At the end of the day, I find no plausible scenario where you would need to do something like this.
回答3:
while(i--)
{
int i=100; // gets created every time the loop is entered
i--;
printf("%d..",i);
} // the i in the loop keeps getting destroyed here
Why dont you also try:
while(i--)
{
{
int i=100; //Visible only in this scope
i--;
printf("inner i=%d..",i);
} //gets destroyed here
printf("\nouter i=%d..\n",i);
}
回答4:
Every variable refers to its most recent declaration (that is valid in that scope of course):
main()
{
int i=3;
while(i--) // this i is the one defined in the line above
{
int i=100;
i--; // this i is the one defined in the line above
printf("%d..",i); // this i is the one defined two lines above
}
}
So your while loop iterates 3 times because it depends on the i that is declared by int i = 3; Inside the loop it prints 99 because there i refers to the i that is declared by int i = 100;, which is --ed.

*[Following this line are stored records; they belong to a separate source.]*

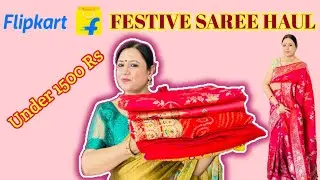 Flipkart Festive Wear Saree Haul | Banarasi silk ,Bandhani , Patola silk | Nilu Prakash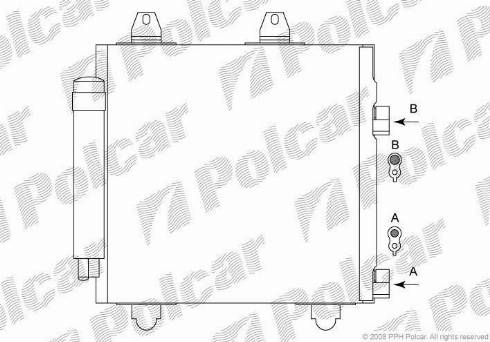 Polcar 5716K81K - Lauhdutin, ilmastointilaite inparts.fi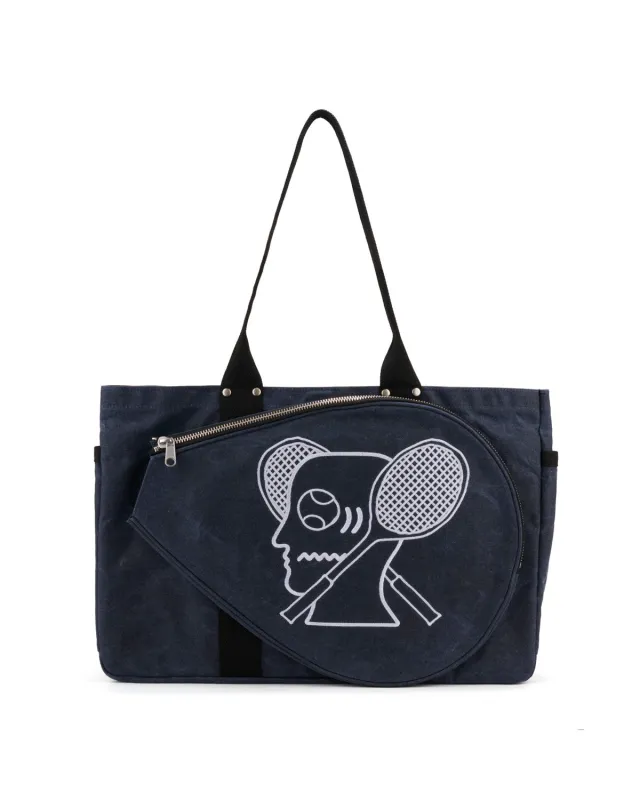 Brain Dead Equipment Waxed Canvas Tennis Tote - Navy made by Brain Dead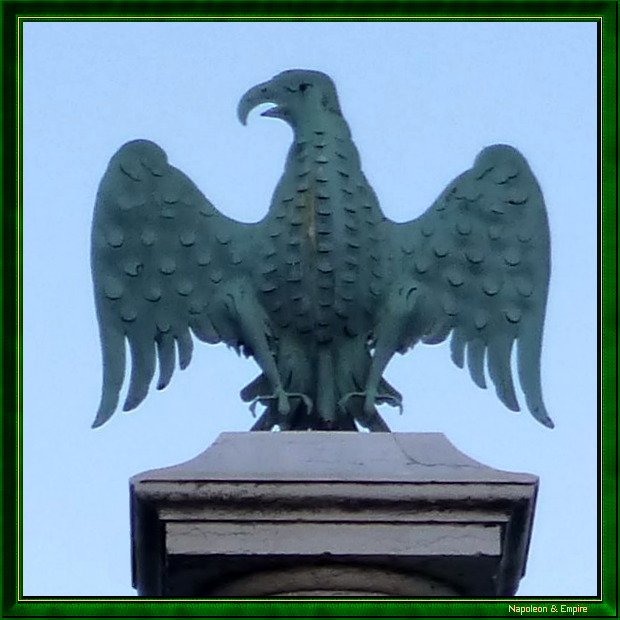 Eagle on the memorial column in Marengo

If you change int i = 100; to i = 100, then you are changing the first i and not introducing another variable. Hence the infinite loop.
Edit Some people said instead of "most recent" I should say "innermost declaration accessible in the current scope" giving this example:
int a=4;
{
int a=10;
}
printf("%d", a);
Since the second a is not visible by printf, obviously printf("%d", a); cannot refer to it. I assumed the reader knows enough to know a variable is accessible only inside the scope it is defined in. Otherwise, yes the phrases in the first two comments are more precise.
回答5:
Every scope in C++ (roughly speaking, each pair of braces that's not used for a special purpose such as array initialization) may contain its own local variable declarations. Writing int i = 100; within the loop specifies another variable named i that is different from the one outside the loop, and causes code within the scope that uses i, by default, to refer to the inner i instead of the outer one. However, the i-- in the loop condition still uses the outer i.
When you replace int i = 100 with i = 100, now there is only one variable, which gets set to 100, decremented twice (once inside the loop and once by the loop itself), and re-set to 100, repeatedly.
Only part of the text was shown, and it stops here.